◆ EXERCISE ◆
Find the line that contains "甜味/咸味豆乳盒子【曼食慢语】" in the records below, then repeat exactly that line and each one after it, leaving pictures out.

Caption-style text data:

# # # # #

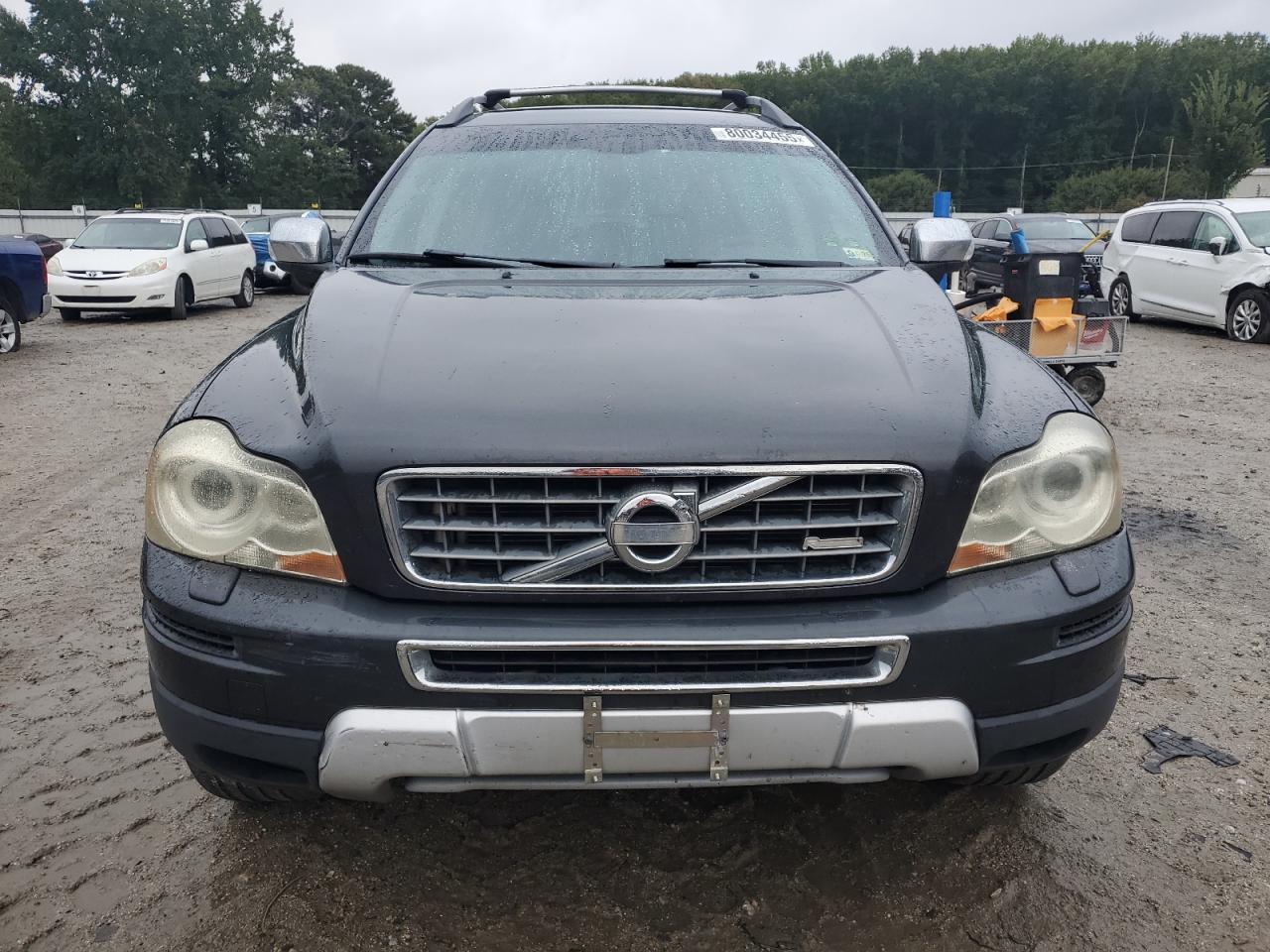 2011 VOLVO XC90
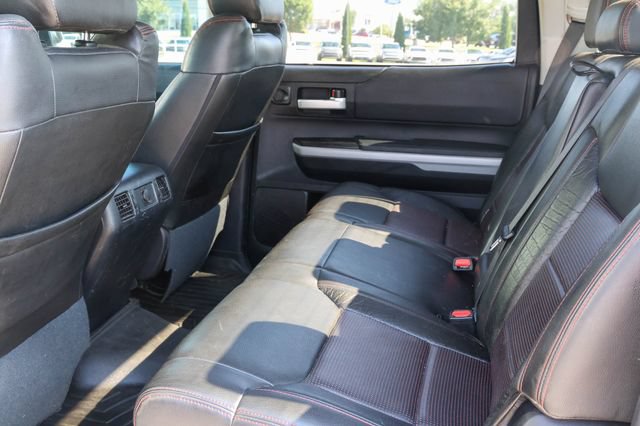 Used 2019 Toyota Tundra SR5 w/ SR5 Upgrade Package AWD/4WD image 17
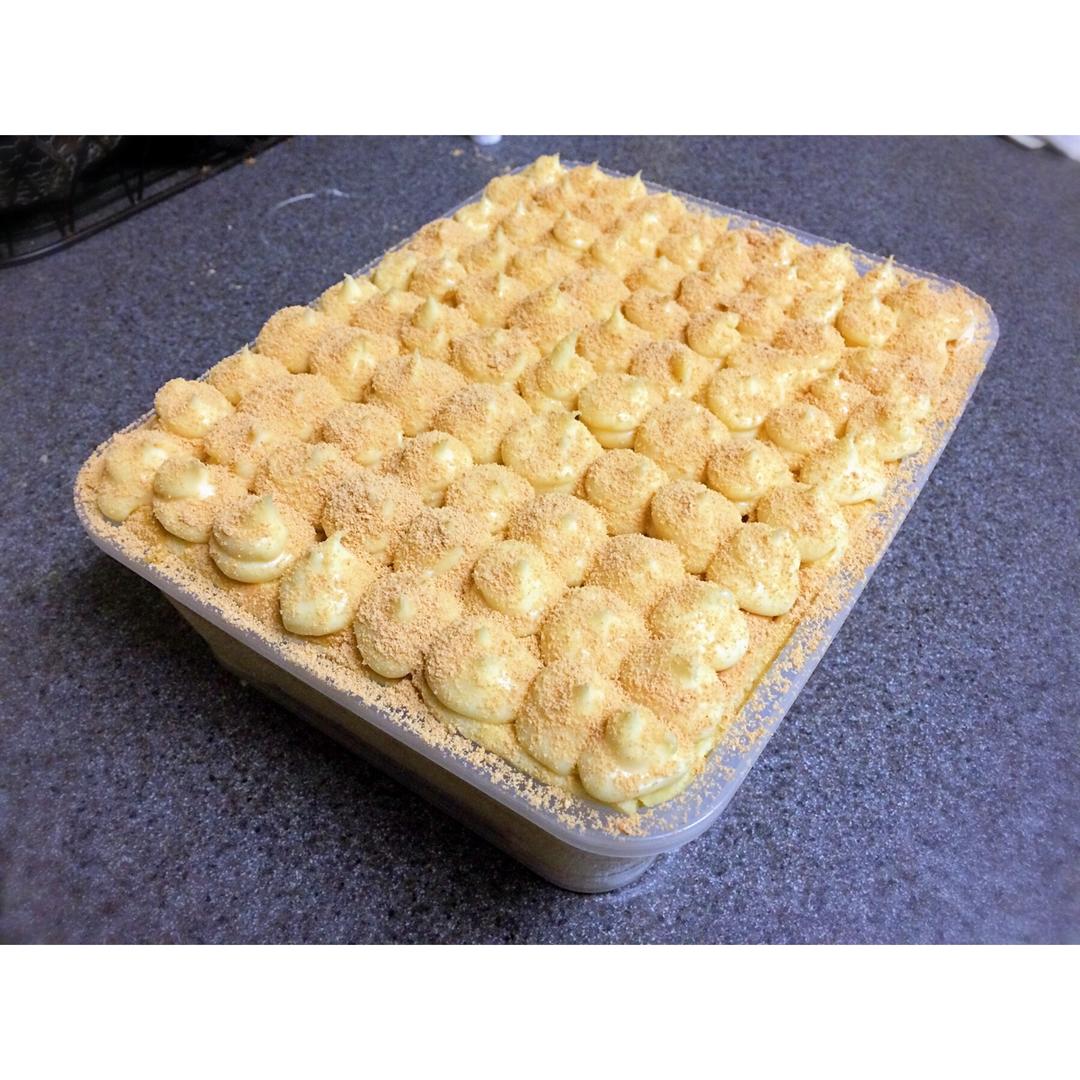 甜味/咸味豆乳盒子【曼食慢语】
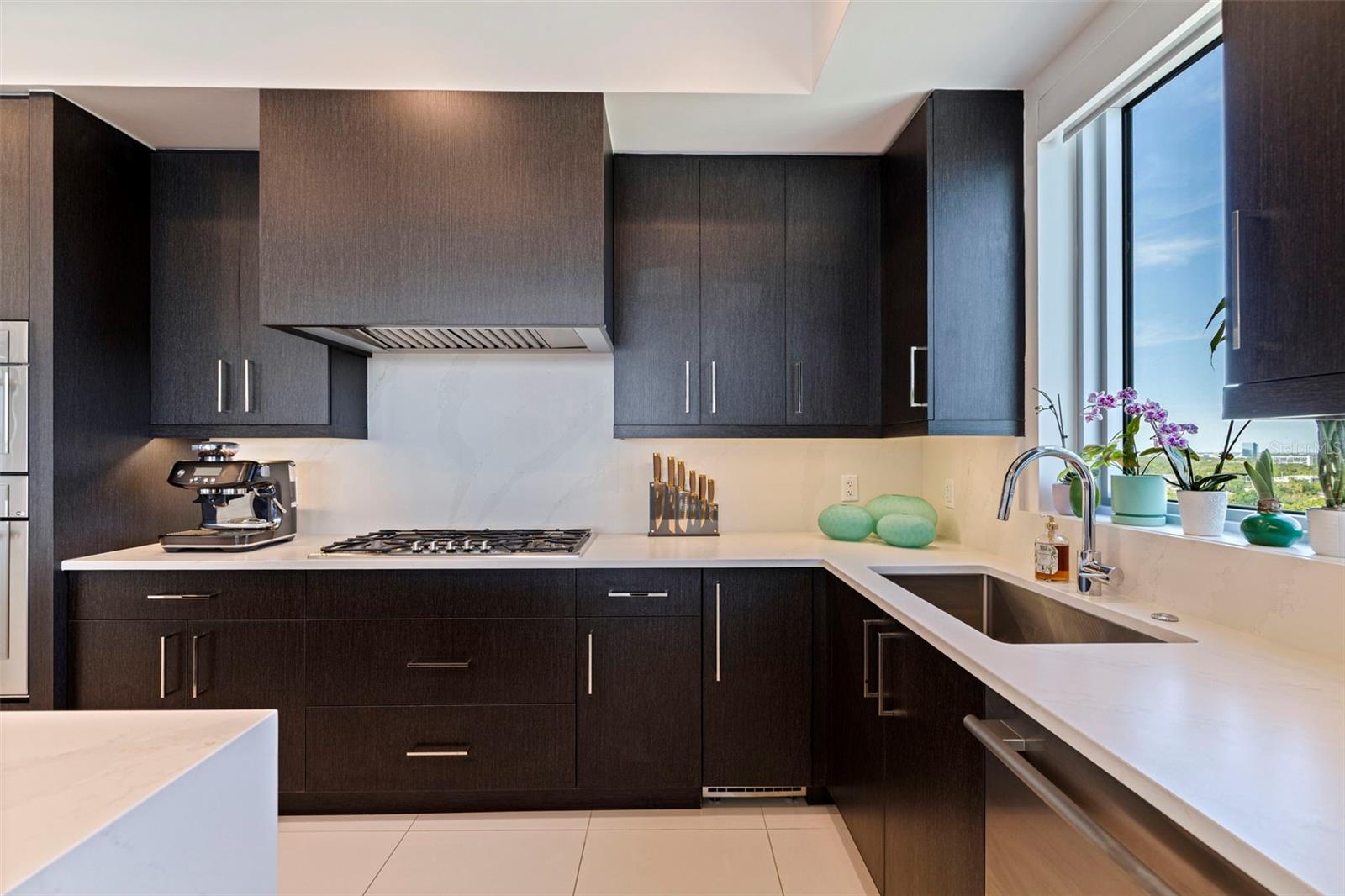 ALTURA BAYSHORE - Residential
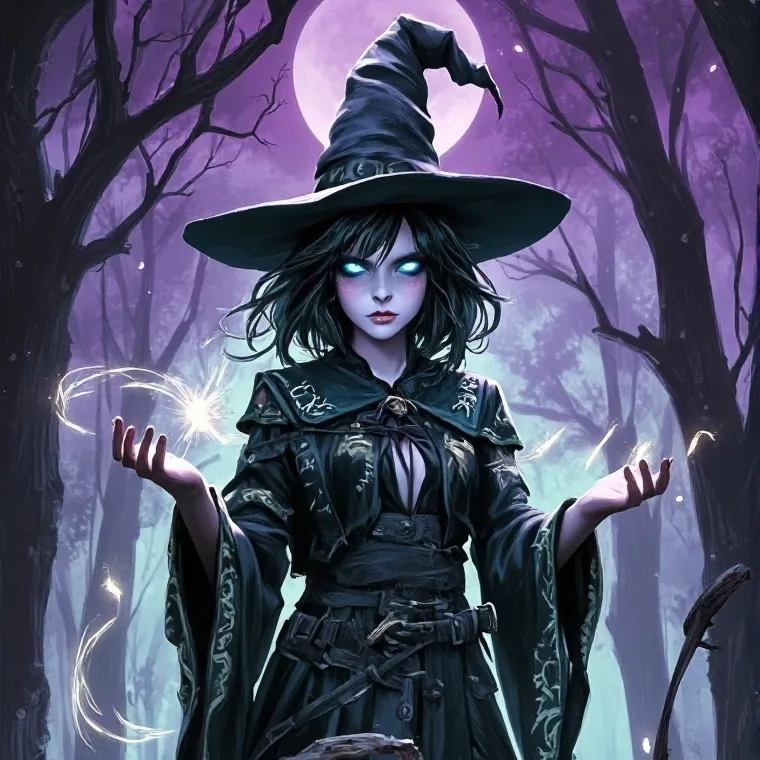 chat with ai character: Maddie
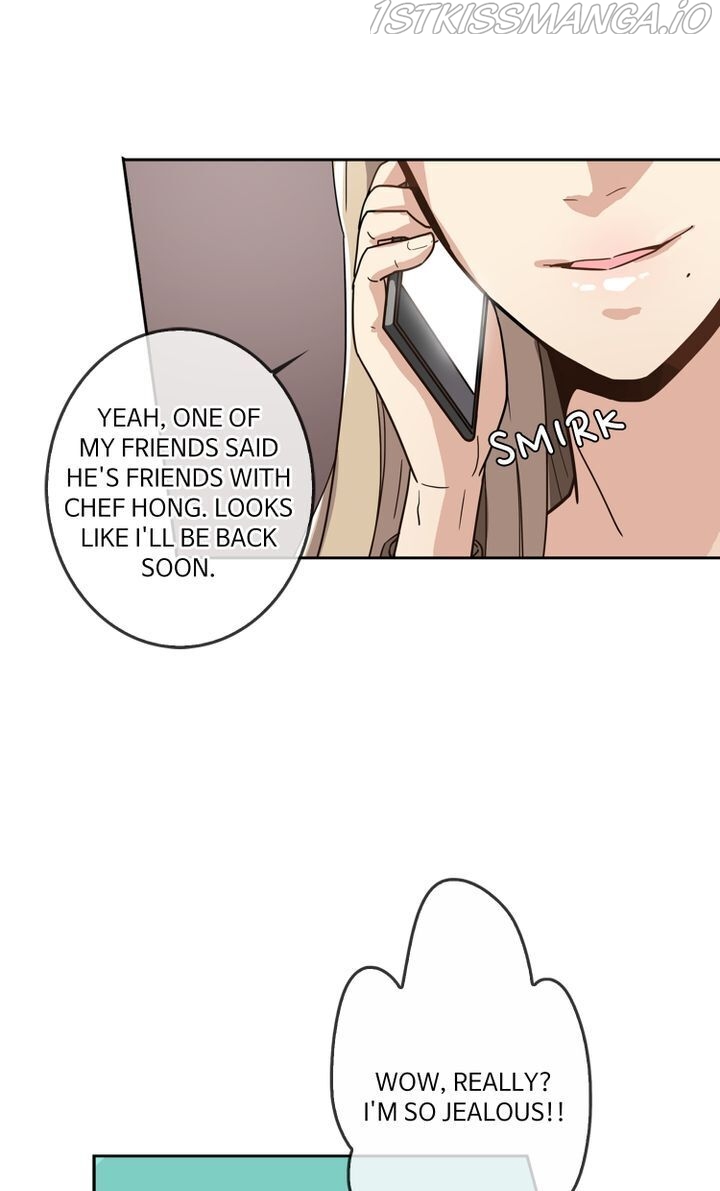 Read Three’s a Crowd chapter 22 image 54 on Lezhin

# # # # #

◆ PROBLEM SOLUTION ◆
 甜味/咸味豆乳盒子【曼食慢语】
 ALTURA BAYSHORE - Residential
 chat with ai character: Maddie
 Read Three’s a Crowd chapter 22 image 54 on Lezhin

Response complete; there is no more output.